• **About this task**:
Your transcription must include every record word for word and no pictures.

*****

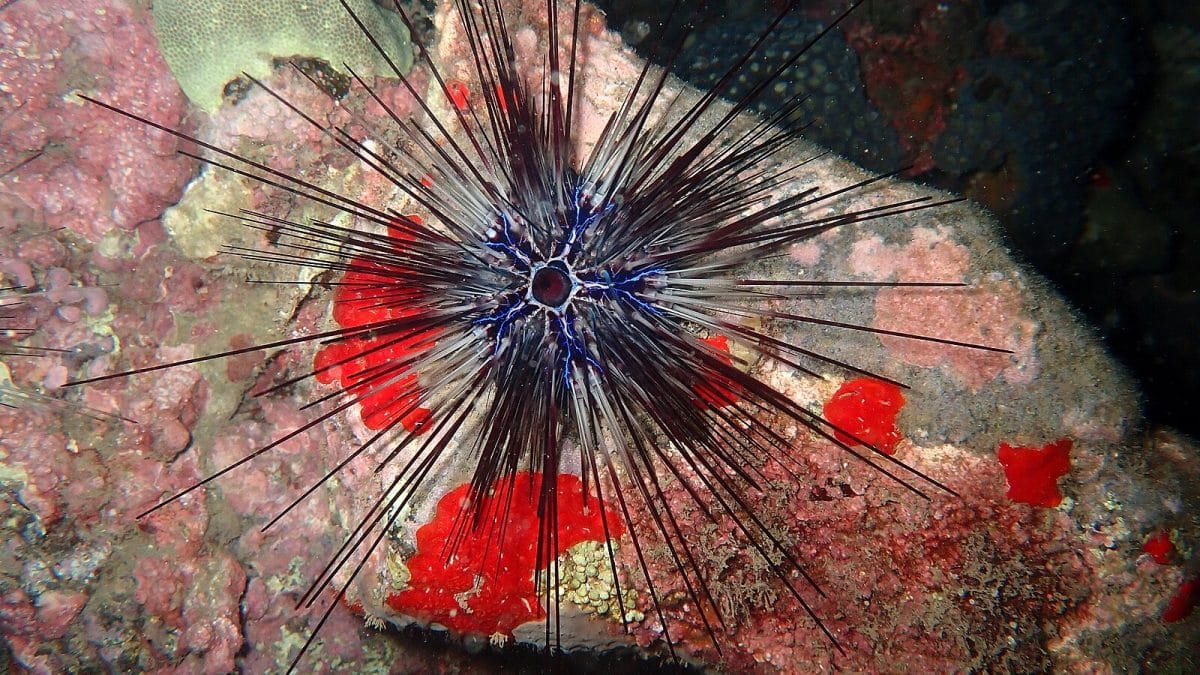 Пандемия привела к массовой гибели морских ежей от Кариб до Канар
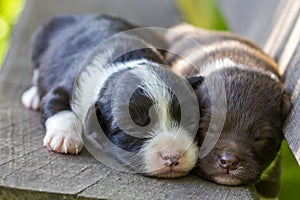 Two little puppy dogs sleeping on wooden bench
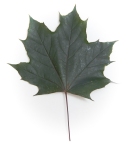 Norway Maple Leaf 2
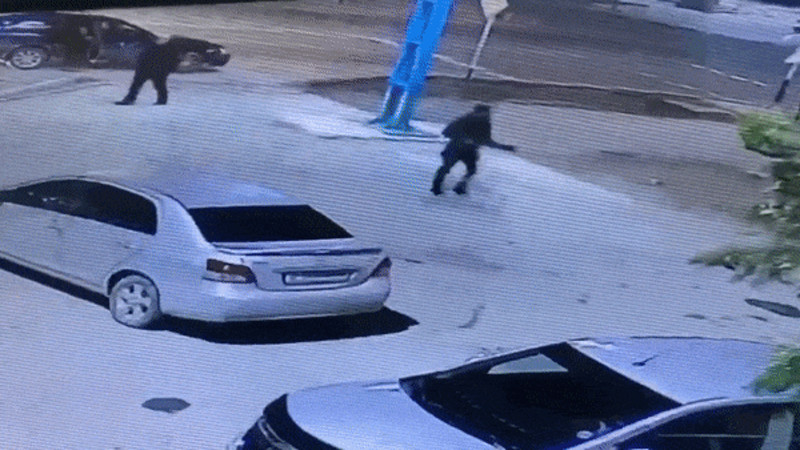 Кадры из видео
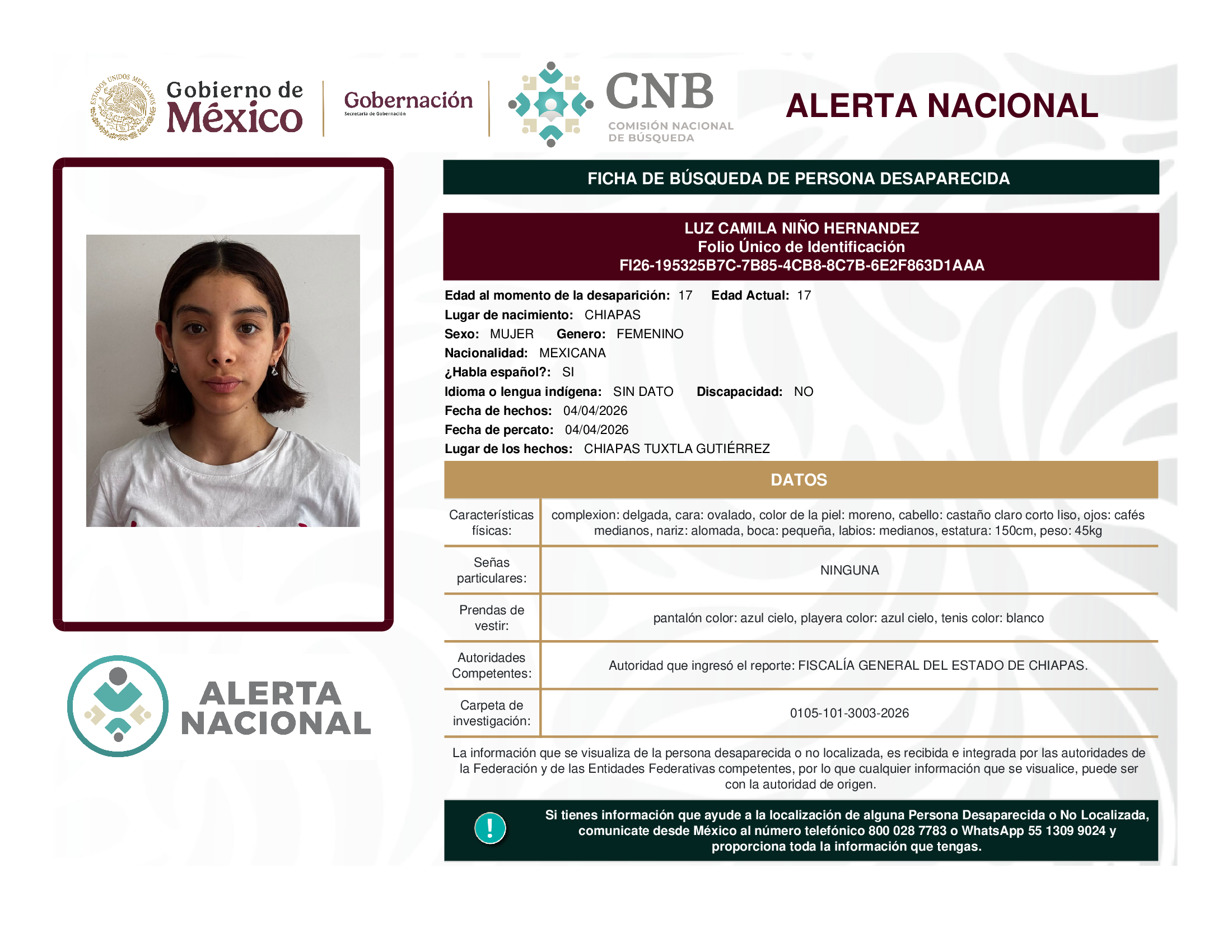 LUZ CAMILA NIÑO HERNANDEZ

*****

• **Output of the task**:
 Пандемия привела к массовой гибели морских ежей от Кариб до Канар
 Two little puppy dogs sleeping on wooden bench
 Norway Maple Leaf 2
 Кадры из видео
 LUZ CAMILA NIÑO HERNANDEZ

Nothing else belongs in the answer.